2、<俳諧>を題として枝葉を付け加え付句を仕立てる。このとき前句は意識外にする。
3、前句と二句一連(短歌)で意味が通るように調整する。
4、打越方面をチェック。
1、前句(ウ四)から言外に<花の下>を連想。
2、<花の下>を題として枝葉を付け加え付句を仕立てる。このとき前句は意識外にする。
3、春の季語<花の下(もと)>をそのまま入れる。
4、前句と二句一連(短歌)で意味が通るように調整する。
5、打越方面をチェック。
1、前句(ウ五)から言外に<吾妻>を連想。
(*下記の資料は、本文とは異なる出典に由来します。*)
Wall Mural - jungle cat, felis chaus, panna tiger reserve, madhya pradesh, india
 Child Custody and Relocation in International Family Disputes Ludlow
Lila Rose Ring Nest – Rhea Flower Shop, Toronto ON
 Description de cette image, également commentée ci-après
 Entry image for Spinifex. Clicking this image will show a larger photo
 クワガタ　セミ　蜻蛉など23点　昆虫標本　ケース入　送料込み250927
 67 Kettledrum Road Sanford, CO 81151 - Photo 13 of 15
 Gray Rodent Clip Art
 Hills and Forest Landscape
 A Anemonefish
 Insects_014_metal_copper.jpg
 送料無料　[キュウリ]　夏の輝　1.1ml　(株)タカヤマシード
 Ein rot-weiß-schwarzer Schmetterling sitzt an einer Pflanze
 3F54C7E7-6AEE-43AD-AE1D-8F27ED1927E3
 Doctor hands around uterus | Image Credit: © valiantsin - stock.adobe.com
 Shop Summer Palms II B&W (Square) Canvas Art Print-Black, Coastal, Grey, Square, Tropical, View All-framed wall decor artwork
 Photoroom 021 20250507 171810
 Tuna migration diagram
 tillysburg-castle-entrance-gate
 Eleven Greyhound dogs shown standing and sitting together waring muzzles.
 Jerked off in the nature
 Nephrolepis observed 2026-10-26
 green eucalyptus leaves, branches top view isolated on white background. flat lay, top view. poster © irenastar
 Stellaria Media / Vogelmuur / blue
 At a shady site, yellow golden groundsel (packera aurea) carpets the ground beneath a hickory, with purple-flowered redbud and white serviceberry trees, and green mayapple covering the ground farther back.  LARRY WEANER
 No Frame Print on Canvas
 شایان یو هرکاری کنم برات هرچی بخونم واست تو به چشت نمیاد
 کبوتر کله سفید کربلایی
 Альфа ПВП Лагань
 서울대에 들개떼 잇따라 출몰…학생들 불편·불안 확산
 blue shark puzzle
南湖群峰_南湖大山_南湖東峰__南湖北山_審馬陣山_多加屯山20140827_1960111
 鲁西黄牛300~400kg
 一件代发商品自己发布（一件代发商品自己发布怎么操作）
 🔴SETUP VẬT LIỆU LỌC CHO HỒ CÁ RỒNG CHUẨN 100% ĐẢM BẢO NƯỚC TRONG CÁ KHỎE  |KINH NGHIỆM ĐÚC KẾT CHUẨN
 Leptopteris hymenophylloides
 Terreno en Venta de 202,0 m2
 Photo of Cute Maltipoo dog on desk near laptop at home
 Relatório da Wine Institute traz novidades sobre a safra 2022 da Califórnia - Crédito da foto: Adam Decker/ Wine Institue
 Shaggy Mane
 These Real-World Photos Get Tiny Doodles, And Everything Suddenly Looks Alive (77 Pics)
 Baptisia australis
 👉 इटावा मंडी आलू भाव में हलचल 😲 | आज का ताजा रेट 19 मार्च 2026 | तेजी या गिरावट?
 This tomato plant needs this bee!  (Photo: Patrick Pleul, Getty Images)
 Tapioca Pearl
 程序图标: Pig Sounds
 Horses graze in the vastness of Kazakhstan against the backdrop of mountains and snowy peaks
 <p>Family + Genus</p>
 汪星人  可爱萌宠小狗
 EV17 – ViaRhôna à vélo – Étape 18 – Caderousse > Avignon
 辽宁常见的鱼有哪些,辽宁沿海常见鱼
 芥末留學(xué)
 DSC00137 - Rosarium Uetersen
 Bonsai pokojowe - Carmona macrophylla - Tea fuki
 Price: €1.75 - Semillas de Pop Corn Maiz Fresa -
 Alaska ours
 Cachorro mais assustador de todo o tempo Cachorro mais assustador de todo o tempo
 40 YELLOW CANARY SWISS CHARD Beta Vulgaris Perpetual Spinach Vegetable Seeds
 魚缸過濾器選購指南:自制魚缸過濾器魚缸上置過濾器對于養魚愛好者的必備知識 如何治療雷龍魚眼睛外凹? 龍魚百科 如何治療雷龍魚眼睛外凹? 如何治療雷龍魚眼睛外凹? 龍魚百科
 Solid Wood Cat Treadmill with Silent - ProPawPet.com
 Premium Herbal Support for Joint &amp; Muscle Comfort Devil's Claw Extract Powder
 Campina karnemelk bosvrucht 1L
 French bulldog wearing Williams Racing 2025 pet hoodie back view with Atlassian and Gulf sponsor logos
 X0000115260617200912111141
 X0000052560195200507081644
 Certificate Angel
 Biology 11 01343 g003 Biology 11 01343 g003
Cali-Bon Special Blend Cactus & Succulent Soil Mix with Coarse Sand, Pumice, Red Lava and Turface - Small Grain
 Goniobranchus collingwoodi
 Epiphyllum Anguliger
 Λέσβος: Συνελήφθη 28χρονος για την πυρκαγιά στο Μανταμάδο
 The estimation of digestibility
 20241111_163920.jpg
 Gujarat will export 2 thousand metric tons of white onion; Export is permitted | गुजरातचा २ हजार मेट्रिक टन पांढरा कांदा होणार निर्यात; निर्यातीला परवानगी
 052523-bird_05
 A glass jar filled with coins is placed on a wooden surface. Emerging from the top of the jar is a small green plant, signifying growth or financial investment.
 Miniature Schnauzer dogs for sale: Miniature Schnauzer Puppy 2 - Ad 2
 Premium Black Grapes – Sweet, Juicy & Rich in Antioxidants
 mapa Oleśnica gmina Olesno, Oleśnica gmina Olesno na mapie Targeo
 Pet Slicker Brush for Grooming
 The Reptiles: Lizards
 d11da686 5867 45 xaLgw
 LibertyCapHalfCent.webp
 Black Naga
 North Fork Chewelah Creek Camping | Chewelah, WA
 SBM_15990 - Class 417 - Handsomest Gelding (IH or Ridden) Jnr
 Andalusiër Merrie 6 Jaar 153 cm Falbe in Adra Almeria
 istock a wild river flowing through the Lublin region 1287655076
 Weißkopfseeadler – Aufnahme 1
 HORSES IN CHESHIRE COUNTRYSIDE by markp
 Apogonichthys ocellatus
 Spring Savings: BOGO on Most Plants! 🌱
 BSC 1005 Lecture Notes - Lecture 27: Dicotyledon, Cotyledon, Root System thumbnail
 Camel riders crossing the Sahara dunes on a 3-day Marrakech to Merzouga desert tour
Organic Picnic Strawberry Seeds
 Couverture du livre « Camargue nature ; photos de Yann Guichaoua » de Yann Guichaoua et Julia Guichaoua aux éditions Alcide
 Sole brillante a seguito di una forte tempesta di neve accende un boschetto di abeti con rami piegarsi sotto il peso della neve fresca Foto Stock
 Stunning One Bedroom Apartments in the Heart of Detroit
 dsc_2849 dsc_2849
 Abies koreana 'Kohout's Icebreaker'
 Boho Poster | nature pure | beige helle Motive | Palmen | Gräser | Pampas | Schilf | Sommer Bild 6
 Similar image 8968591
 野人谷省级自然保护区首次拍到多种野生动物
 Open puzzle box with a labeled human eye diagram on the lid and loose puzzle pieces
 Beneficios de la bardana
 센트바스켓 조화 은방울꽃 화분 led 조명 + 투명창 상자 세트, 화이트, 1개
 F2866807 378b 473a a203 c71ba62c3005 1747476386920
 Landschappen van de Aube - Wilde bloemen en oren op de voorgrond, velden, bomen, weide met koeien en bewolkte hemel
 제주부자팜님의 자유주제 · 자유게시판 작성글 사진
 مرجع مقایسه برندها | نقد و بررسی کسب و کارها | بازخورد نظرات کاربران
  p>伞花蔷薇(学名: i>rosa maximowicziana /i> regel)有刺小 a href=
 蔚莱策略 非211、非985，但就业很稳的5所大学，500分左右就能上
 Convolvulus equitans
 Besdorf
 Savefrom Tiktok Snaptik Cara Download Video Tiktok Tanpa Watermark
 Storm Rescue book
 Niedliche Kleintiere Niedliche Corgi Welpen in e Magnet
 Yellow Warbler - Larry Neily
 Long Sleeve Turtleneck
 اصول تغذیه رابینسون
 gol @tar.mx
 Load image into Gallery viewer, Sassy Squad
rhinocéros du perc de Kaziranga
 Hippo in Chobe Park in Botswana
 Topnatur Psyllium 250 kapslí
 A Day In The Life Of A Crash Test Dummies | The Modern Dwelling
※
2、<吾妻>を題として枝葉を付け加え付句を仕立てる。このとき前句は意識外にする。
3、春の季語<麗らか>を入れる。
4、前句と二句一連(短歌)で意味が通るように調整する。
5、打越方面をチェック。
※ 同時に冬の日『つゝみかねて』の巻、芭蕉の挙句「その望の日を我もおなじく」を連想。